When Jesus and His disciples came to the village of Bethany Martha welcomed them into her home and began preparing dinner for them. She was apparently an accomplished hostess and probably had the gift of hospitality. But she was distracted with all her preparations and when she asked the Lord Jesus to tell her sister Mary to help her, He gently chided her saying: “Martha, Martha, you are worried and bothered about so many things, but only one thing is necessary, for Mary has chosen the good part, which shall not be taken away from her” (Luke 10:41-42).
I know women who take offense at this story. These ladies are the matriarchs of the potluck; they are the ones who prepare refreshments for funerals and take meals to shut-ins. They faithfully provide treats and snacks for coffee hours, small groups, youth groups, Bible studies, and ladies events. They understand Martha’s desire to put a nice meal on the table for her guests. They can imagine she wanted the meat to be cooked just right, not overdone and dry, the vegetables to be crisp tender, and the bread to be warm right out of the oven. They also relate to her frustration when she was buzzing around the kitchen and looked out to see her sister just sitting there! Then when the Lord told her Mary had chosen the good part, these ladies understand why Martha was indignant.

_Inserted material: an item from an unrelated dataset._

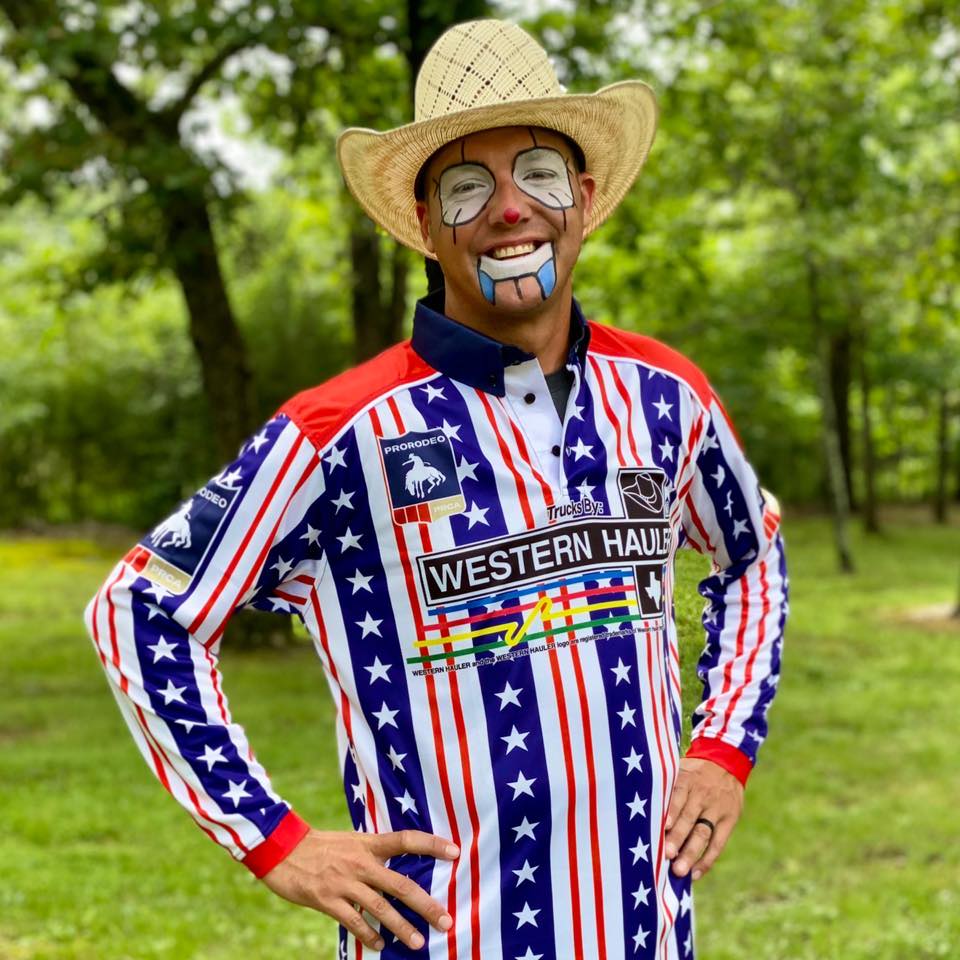Dustin Jenkins - Pro Rodeo Clown at National Trailer Source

“Martha received the correction from Jesus, had an attitude adjustment, and continued to use her gift of hospitality in the right way.”
So, what was the problem here? Martha, apparently, treated Jesus the same way she treated other guests. She wanted everything to be just right. Mary, on the other hand, treated Jesus like who He was—the Lord. I assume Mary did not sit at the feet of other guests listening to them, but this was unique because her guest was unique. Whether or not Martha and Mary witnessed Jesus when He fed 5,000 people with 5 loaves of bread and 2 fish, they had certainly heard about it. He could have easily provided a meal for His men (and the others in the house). And maybe Mary rested in this, but not Martha.
However, there is a lovely follow-up to this story in the Gospel of John. In chapter 11, John describes in detail the miracle Jesus performed when He raised Lazarus from the dead. This situation also involved Martha and Mary since Lazarus was their brother. We know Jesus had a special affection for these friends, Scripture records “Now Jesus loved Martha and her sister and Lazarus” (John 11:5). And their grief in this situation touched Him deeply. What unbounded joy reverberated in the sisters when their brother walked out of the tomb alive! How they must have bowed before Jesus in worship.
Shortly after this Martha and Mary hosted a special supper to honor Jesus for this miracle and to celebrate Lazarus’ return from the dead. “So they made Him a supper there, and Martha was serving; but Lazarus was one of those reclining at the table with Him” (John 12:2). Notice that little phrase: Martha was serving. I am so glad John included this! I choose to believe Martha received the correction from Jesus, had an attitude adjustment, and continued to use her gift of hospitality in the right way. She could have easily stomped off and said, “Fine, fix your own dinner!” How many of us would have done just that? But it appears she humbled herself and expressed her love for the Lord in the way she knew best, by serving. The fact that John did not record any rebuke for Martha when she was serving at this dinner seems to indicate things had changed.
“Do we let our efficiency or expertise take precedence over our worship? It is so easy to do. But there is a better way...”
This passage also records Mary’s presence at the dinner. She expressed her adoration for the Lord, but in the way she knew best. She bowed at His feet anointing them with perfume and wiping them with her hair. (John 12:3). It seems clear that Martha and Mary had different personalities; and their gifts coordinated with their personalities. Martha appears to be the one who could take charge and get things done while Mary appears to be the quiet contemplative one. But Jesus wanted them both to love Him, worship Him, and serve Him in the ways He had designed for them.
How do we serve the Lord? Do we tackle our tasks with the same approach we use for any other activities? Do we let our efficiency or expertise take precedence over our worship? It is so easy to do. But there is a better way. We can take the Martha approach by serving the Lord with our gifts and with the right attitude.
Sometimes I think go-getters feel put down when they are admonished to take Mary’s place of contemplation; and, as I mentioned, they can get a little huffy. But, isn’t it wonderful to see a proper expression of worship through service? I doubt the Lord wanted to shut down Martha and require her to become another Mary. Rather He looked for the right heart attitude and when that appeared, He received her service.
It is the same with us. When God designed each of us, He gave us certain personality traits and abilities. And then when we become Christians the Holy Spirit gives us spiritual gifts. These are all to be dedicated to the Lord and used in ways that please Him. And we do that when we use our gifts as a means worship through joyful service.